You know what they are. And, if you don’t, ask someone you trust, who loves you, and believes in your best. Your child knows you want what’s best for him/her, but the proof in your commitment to your child’s best comes in how you approach reaching it for yourself.
Work on accepting what your own parents gave to you, what they tried to give you, and what they were unable to give you.
Understand your job as a parent.
Like any job, you must know the duties and responsibilities that go along with it. If you don’t know what they are, get help from someone who does. Most of the unproductive issues we get into as parents stem from the conflict between the role we want to play in our child's life, rather than accepting the role we need to play.
Take some time to build family traditions.
The big picture of raising children is done with the actions, routines, and practices that make up a lifetime of memories and habits. Often, the value of these actions is seen looking back at one’s upbringing.

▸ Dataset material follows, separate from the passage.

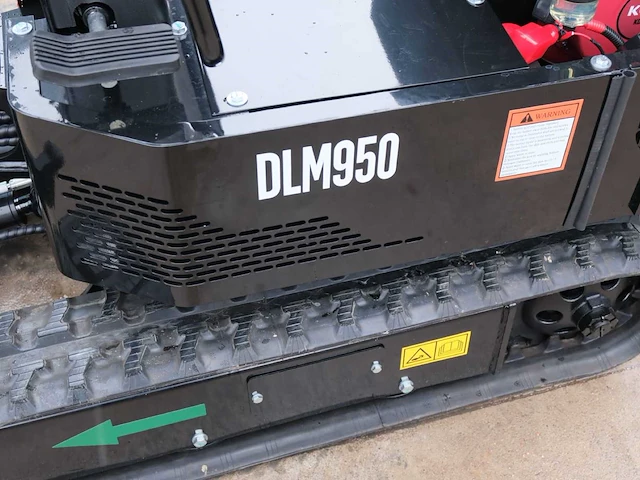 2026 dlm minigraafmachine 950 kg – nieuw – zwenkarm – koop motor – 40 cm bak – garantie - afbeelding 9 van  13
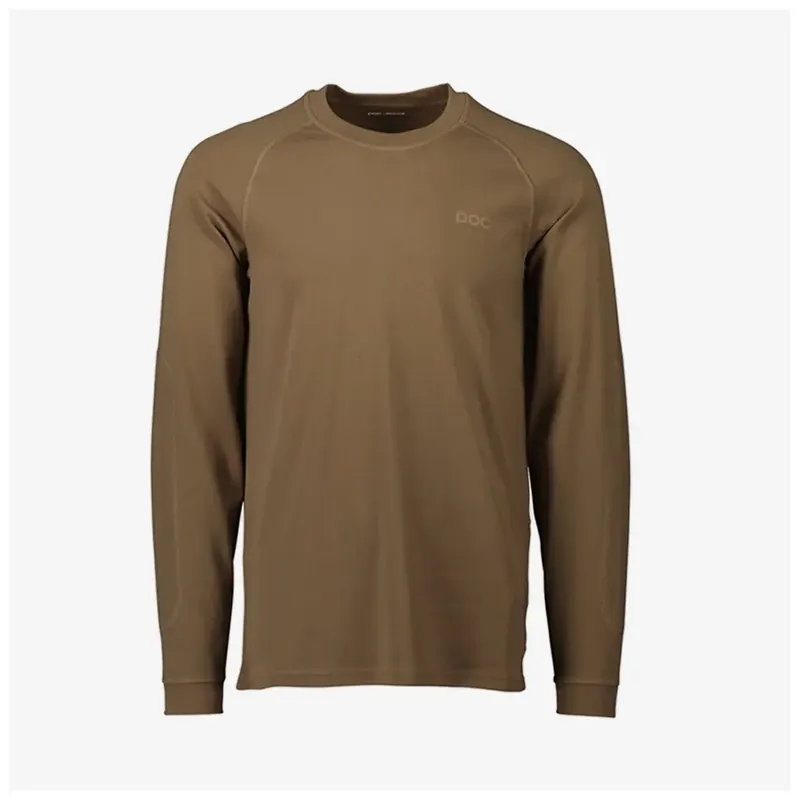 Akční Cena POC Poise Crew Neck L hnědá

Know when to ask for help, and then do it.
4. Where does your educational philosophy fit into the progressive movement?
We believe in a family-school bond, with teacher-student-parent working together as a team. There is an ongoing national conversation taking place about how to involve parents in their children’s educations in a positive and productive way. Research tells us that when parents are involved in their children’s educations, great things can happen. Hyde Schools comprise both private boarding schools and inner-city, public schools. We’ve had an educational model in place for four decades that involves parents in their children’s educations, one that has successfully turned out generations of graduates prepared for college and life beyond, whose lives and families have been profoundly impacted in a positive way.
5. American educational standards seem to be headed downwards. As a seasoned educator what do you see as the long term remedy for recapturing our former leadership position?
To begin our educational system with the family, and to build on America’s heritage by helping each child develop his/her unique potential. Too many schools are focused on tests and achievement. At Hyde Schools, who you are matters more than what you can do. If we can address and embrace the whole child—the successes, failures, challenges, gifts, fears, family—we would be a better country.